### YOUR TASK
Your answer must be an exact copy of the records below, with every picture left out.

───

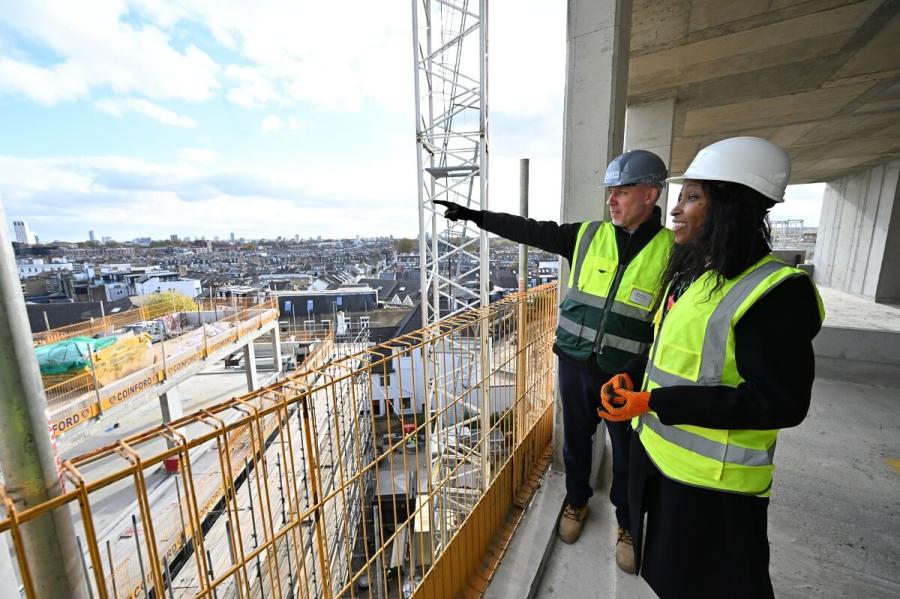 H&F Cllr Frances Umeh (right) with Russell Ayres (left), Construction Manager at Higgins Partnerships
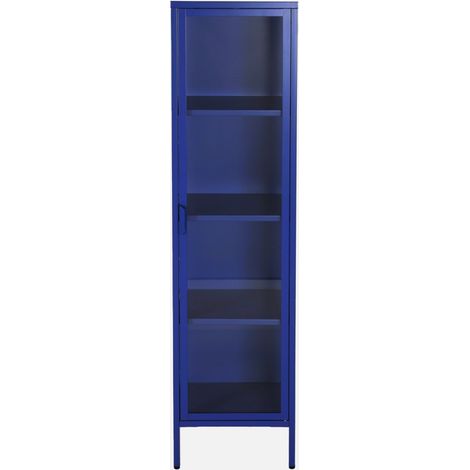 Estantería de acero y vidrio templado, 1 puerta, 160 cm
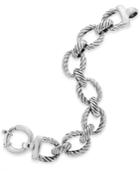 "sterling Silver Bracelet, 8"" Textured Figaro Link Bracelet"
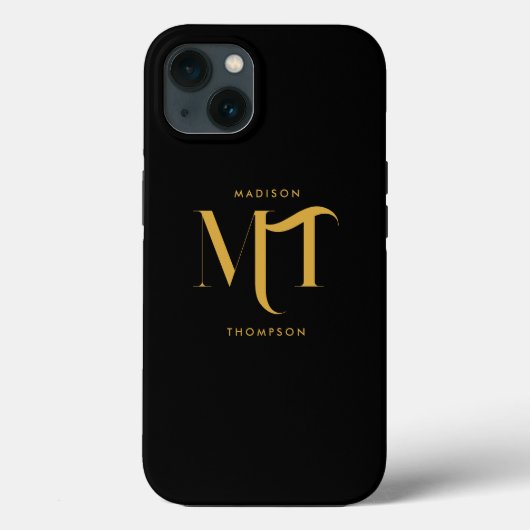 Stijlvolle zwarte en goudmonogram Initialen Case-Mate iPhone Case (Achterkant)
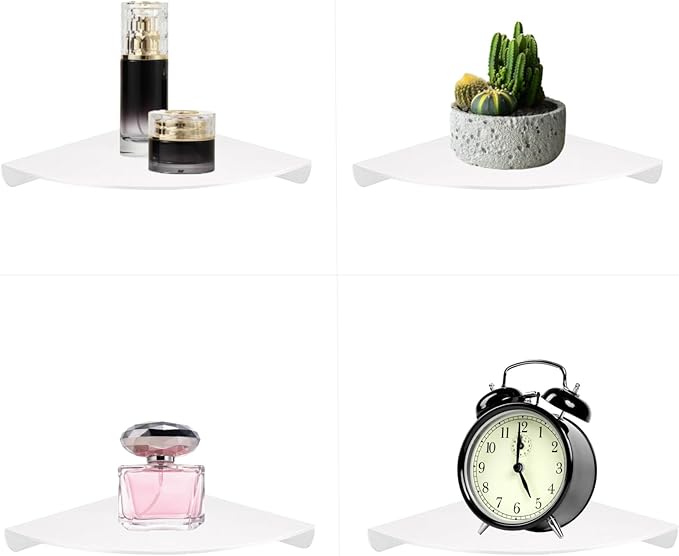 Small Floating Corner Shelves Metal Corner Wall Mounted Shelf Curved Corner - Image 7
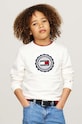 Dětská bavlněná mikina Tommy Hilfiger bez kapuce bílá KB0KB09052.9BYH.128.176
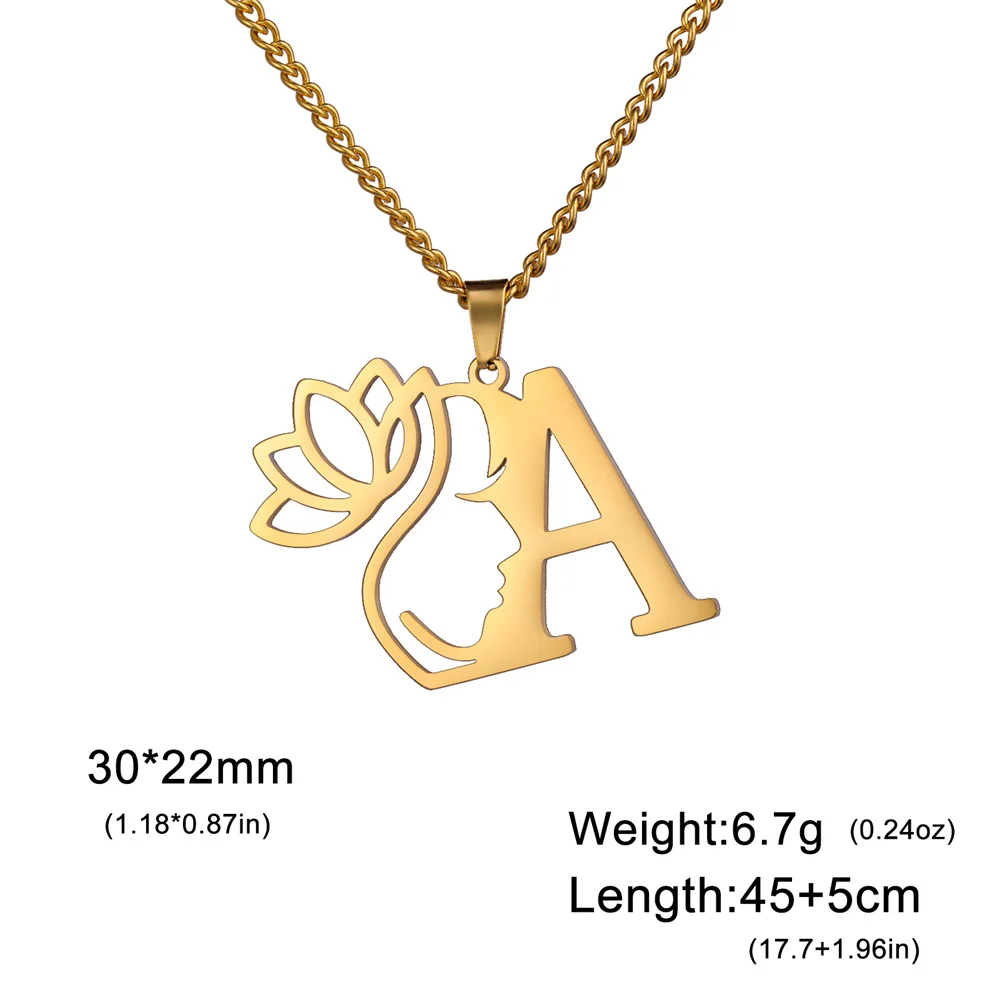 EUEAVAN Beauty Lotus Flower Letter Necklace for Women Stainless Steel Initial Pendant Necklace Alphabet Jewelry Christmas Gifts image 6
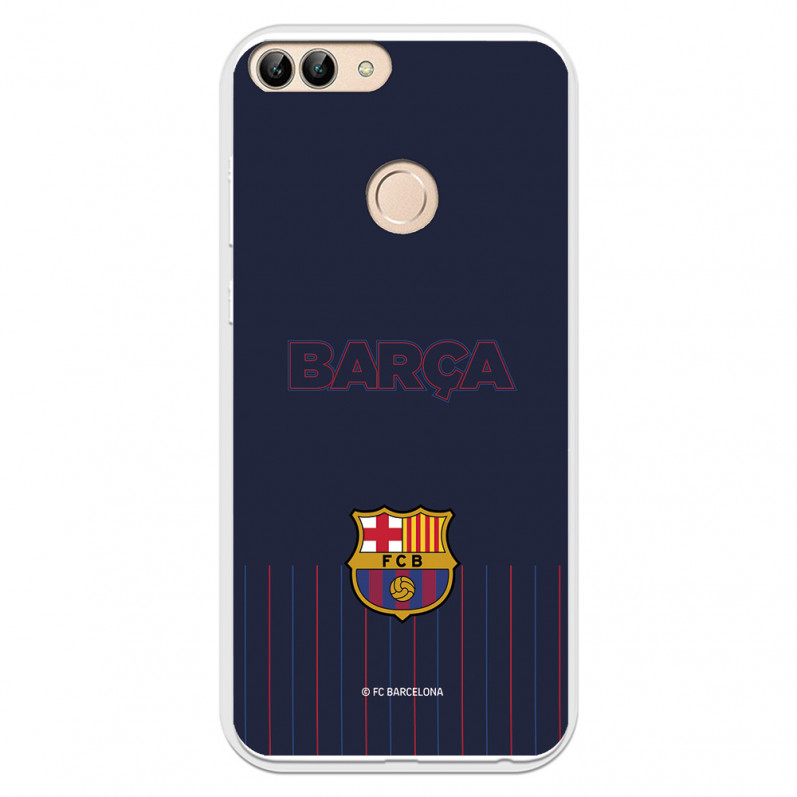 Coque pour Huawei P Smart du FC Barcelone Barsa Fond Bleu - Licence Officielle du FC Barcelone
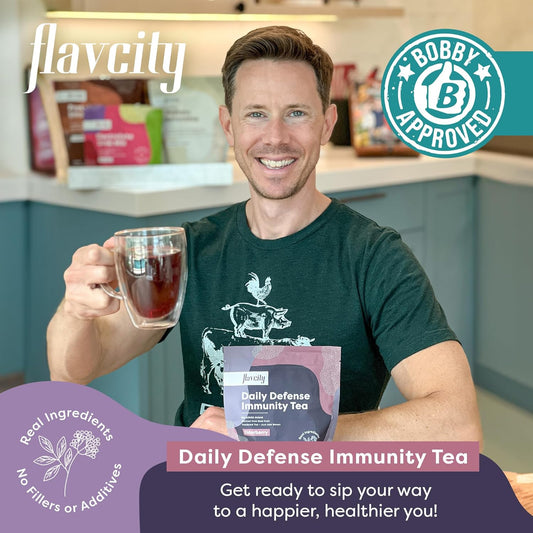 Flavcity Daily Defense Elderberry Immunity Tea With No Added Sugar - Delicious Caffeine-Free Herbal Tea Mix With Acerola Vitamin C & Zinc - Shelf-Stable, Vegan, Keto & Non-Gmo (7.4 Oz, 30 Servings)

───

### TASK SOLUTION
 H&F Cllr Frances Umeh (right) with Russell Ayres (left), Construction Manager at Higgins Partnerships
 Estantería de acero y vidrio templado, 1 puerta, 160 cm
 "sterling Silver Bracelet, 8"" Textured Figaro Link Bracelet"
 Stijlvolle zwarte en goudmonogram Initialen Case-Mate iPhone Case (Achterkant)
 Small Floating Corner Shelves Metal Corner Wall Mounted Shelf Curved Corner - Image 7
 Dětská bavlněná mikina Tommy Hilfiger bez kapuce bílá KB0KB09052.9BYH.128.176
 EUEAVAN Beauty Lotus Flower Letter Necklace for Women Stainless Steel Initial Pendant Necklace Alphabet Jewelry Christmas Gifts image 6
 Coque pour Huawei P Smart du FC Barcelone Barsa Fond Bleu - Licence Officielle du FC Barcelone
 Flavcity Daily Defense Elderberry Immunity Tea With No Added Sugar - Delicious Caffeine-Free Herbal Tea Mix With Acerola Vitamin C & Zinc - Shelf-Stable, Vegan, Keto & Non-Gmo (7.4 Oz, 30 Servings)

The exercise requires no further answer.